The Value Behind Our Greatest Mistakes

Mistakes are a horrible thing, aren’t they? They cause us to doubt ourselves and our capabilities, and in one way or another they poison the very foundations of our self-esteem. You almost have to freeze time to really ask yourself, what the hell are you beating yourself up for?

There are the mistakes where we give our all to something, yet our efforts aren’t enough, and there are the mistakes where certain paths are simply not meant to be. Both of them are discouraging, but rather then have then kick your stability into the ground see them for what they are: learning experiences.

The mistakes we can’t control

Some mistakes are simply beyond our control. No matter what efforts we make, certain things are simply not meant to be. It sucks, it’s unfair, but hey, that’s life and its precious violin playing.

There is a saying from one of my favorite songs that says:

You can’t regret what you don’t decide. 

What you don’t have sole control over that can be changed from things outside of your control, you can only house so much regret about it. When you can honestly say to yourself that you did everything in your power to make something succeed, from there all you can do is accept the fact that you didn’t have the power to make it work. This is commonly affiliated with:

work, relationships, challenging projects and deadlines, and just about anything that is hobby/recreationally related.

There can be an incredible stem of relief when one takes the time to truly recognize what they really have power over. Its helps divide the amount of blame one can place on things simply not working out, versus not working out because they didn’t care enough.

The mistakes we can control

The fact is, mistakes are something that exist, like it or not. We are all prone to mistakes, it is human nature. The way things are handled after a mistake says a lot about a person and their values.

When someone makes a mistake and takes the time to truly look it over and consider what went wrong, and what they could have done better, there is truly no better tool for learning. We learn the most from our mistakes, after all, how much is three to learn if things are going exactly as intended?

When mistakes are made and dismissed as though they were freak-accidents, that is when you have someone that lets the emotional turmoil of mistakes build and evolve. This is the person you seem committed to a looney bin because they let all the regret and failures build inside until it hits a breaking point, then it’s off to the twinkie farm.

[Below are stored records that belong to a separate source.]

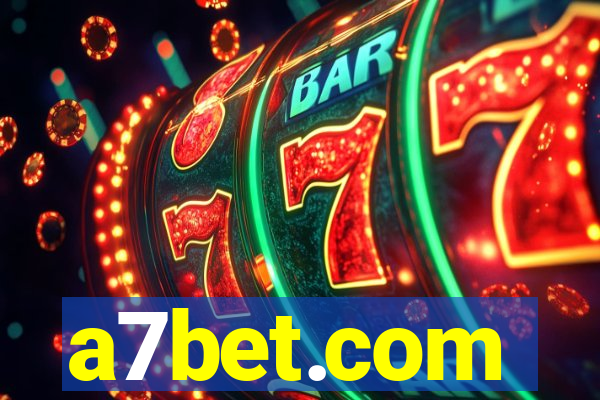 a7bet.com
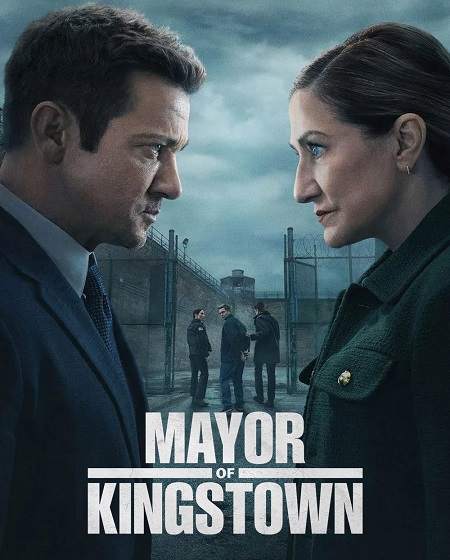 مشاهدة مسلسل Mayor of Kingstown الموسم الرابع 4 الحلقة 8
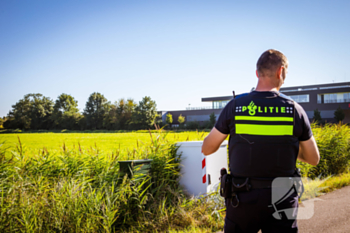 nieuws koepellaan bloemendaal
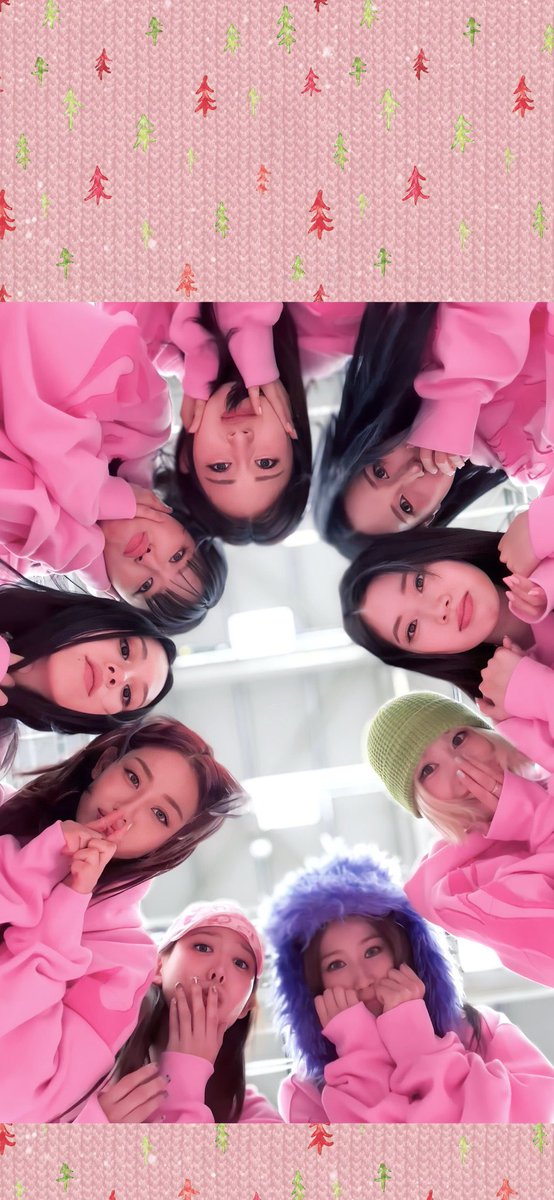 tzuchewyy's tweet photo. @GCxMinari Merry Chriatmas everyone!! We did well this year 🤍 Twice always got us 💐 https://t.co/TDRgsEGEgi
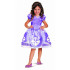 Fantasia Infantil Princesa Sophia Clássica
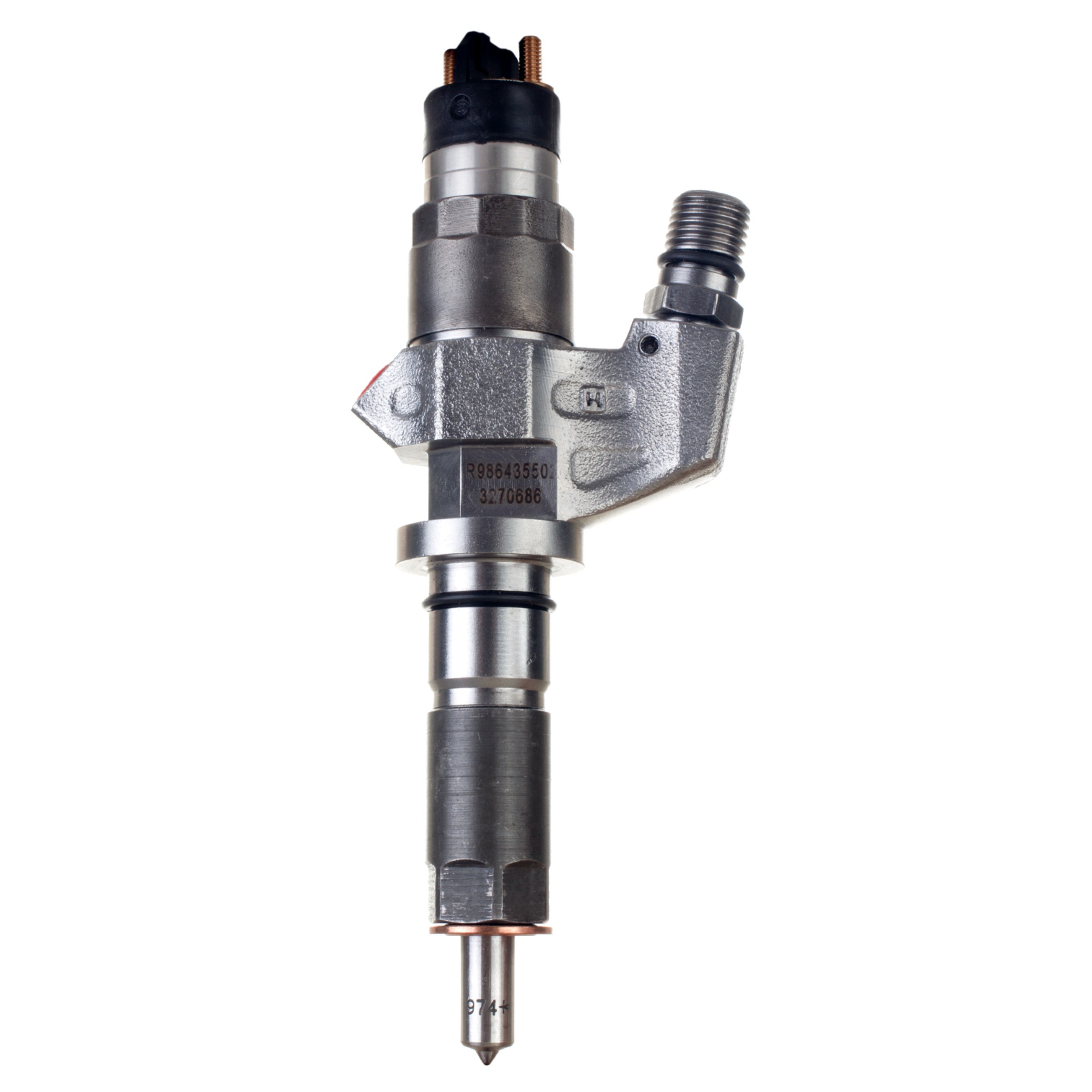 Delphi EX631045 Fuel Injector - Image 5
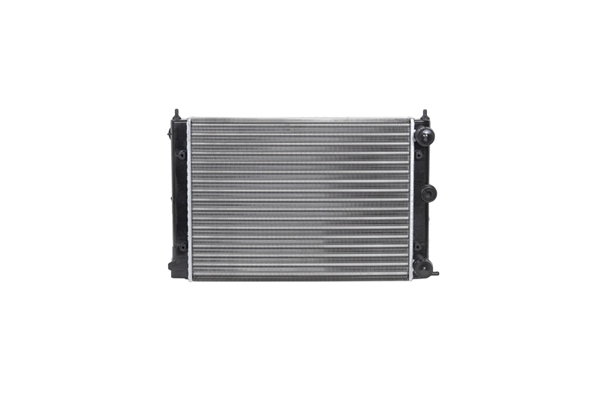 Radiateur, refroidissement du moteur ZentParts Z20101
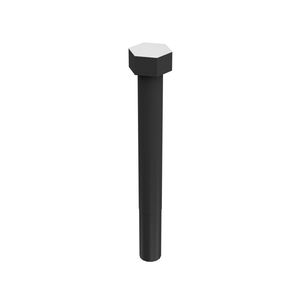 Болт | 1/2"-13 x 4 1/2" Hex Head Bolt #7X-0332 (7X0332)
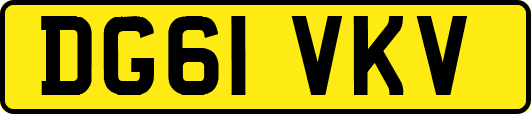 DG61VKV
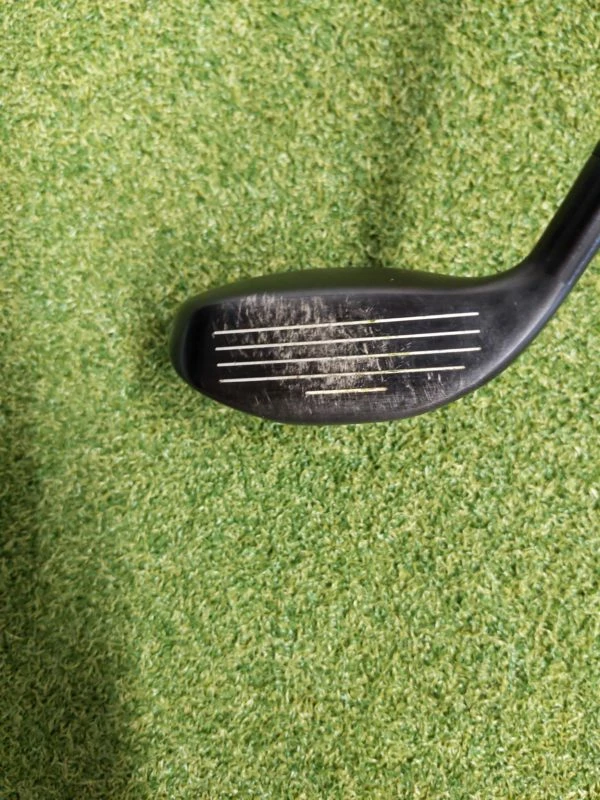 Adams Tight Lies 5 Wood // Xstiff 2 Adams Tight Lies 5 Wood // Xstiff - Image 2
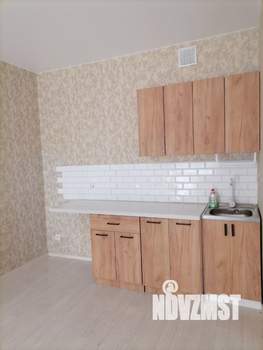 2-к квартира, на длительный срок, 41м2, 3/16 этаж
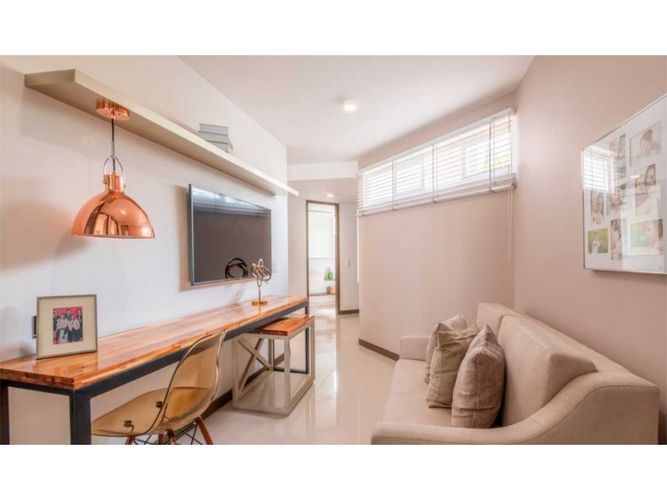 Apartamento de 3 alcobas en venta en La Flora, Cali, 100 m² · foto 12 de 16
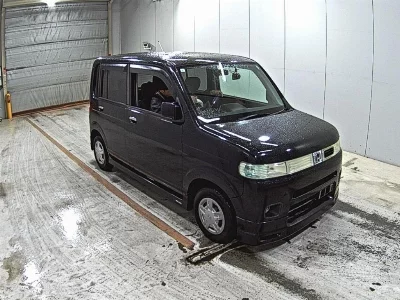 Honda THATS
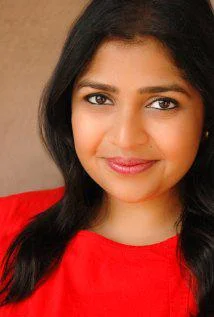 Punam Patel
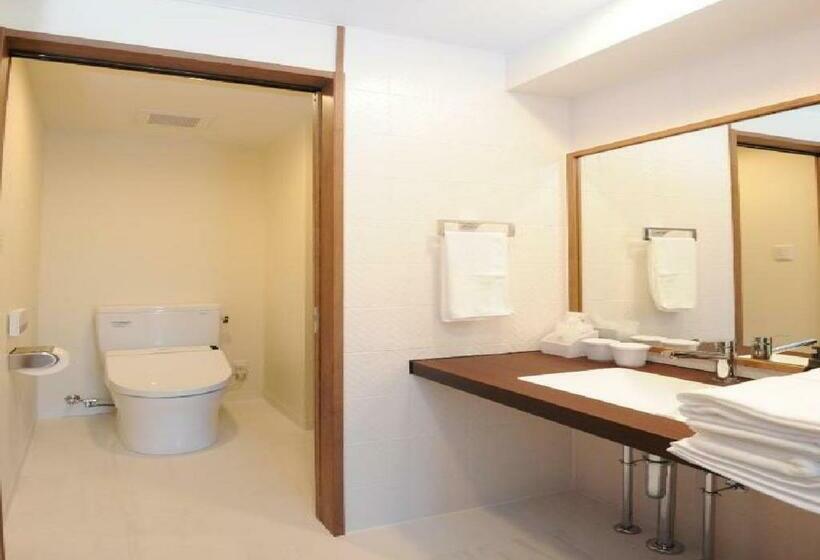 Отель Sunriver Shimanto / Vacation Stay 71308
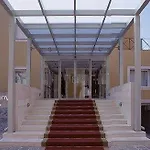 San Domenico Al Piano Matera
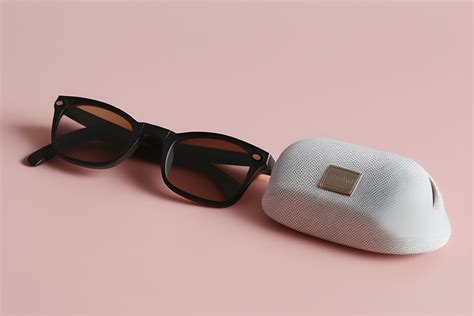 Designer Sunglasses Case Glasses Covers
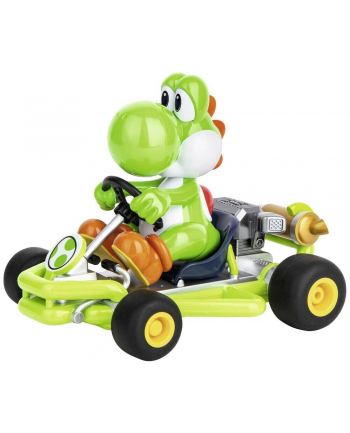 Carrera RC 2,4GHz MK - Pipekart - Yoshi  370200988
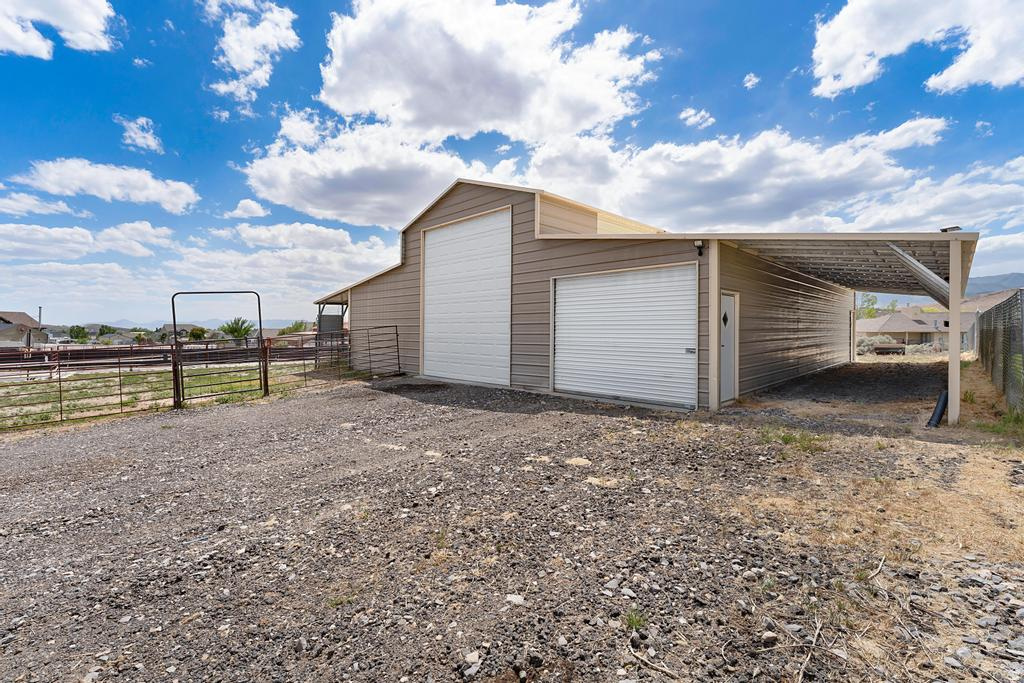 VALLEY VIEW - Residential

Either way, the point here is ownership, the ability to not only recognize a mistake, but to own it and analyze it.

The concept of pride

Pride is the ultimate fuel to a mistake, we all want to feel like we did all we could to help something succeed, the fact is sometimes we fall short. Sometimes emotions get the best of us and we shut down. We don’t want to admit it, we don’t want to feel it,  but it is the truth, like it or not.

Owning the fact that we screwed up is tough, but it’s human nature. 

Another perspective of pride is the pride involved with a corporation or business of sorts. Businesses structure their foundations so that pride can be kept on a short leash, think about it:

On a business level pride is essentially shunned, bandwagons are encouraged, and its carefully laid out as a structure of players and pawns. The key leaders have a lot of responsibilities and ultimately answer to the higher levels of command for any failure that should arise, meanwhile the pawns of the business are places around specific routines, keeping responsibility limited, and the opportunity for too much pride to get involved at a bare minimum.

Sure, there is plenty of room to feel good about doing the job well, but in the same circumstance there are enough restrictive boundaries in place to prevent employees from letting pride get the best of them. There is no telling how far one will go to hear “Great job”, after all.

Expectations are dangerous

We have all encountered that feeling of wanting something  so bad that we would do anything for it, and that right there is the step from normal to insane. Expectations are dangerous, the moment that you take something that you would “like” to achieve and relabel it a “need” it’s almost instantaneous the amount of stress that picks up with it.

Expectations are dangerous.

Setting ideals that you would like to achieve is a great way to arrange goals and give yourself something to work for, just understand the great difference between wanting something, and feeling like it has to happen. The amount of needs one truly has inside of a life-time is far less colorful then it is painted out to be on a daily basis.

Needs and mistakes ultimately play off one another, they grant the largest opportunity for one to learn about life and re-evaluate the structures they have build that define their values and cares. There is so much one can learn about themselves when it is viewed from the appropriate angle.

Take the time to use mistakes as learning foundations, take the time to truly consider what your needs are, what your hopes are, and find the happy balance in-between that lets you live with a clear conscience.

Life isn’t about everything that we need, it’s about recognizing the values that matter most, learning from our greatest mistakes, and knowing at heart that we are living in a way we can be proud of.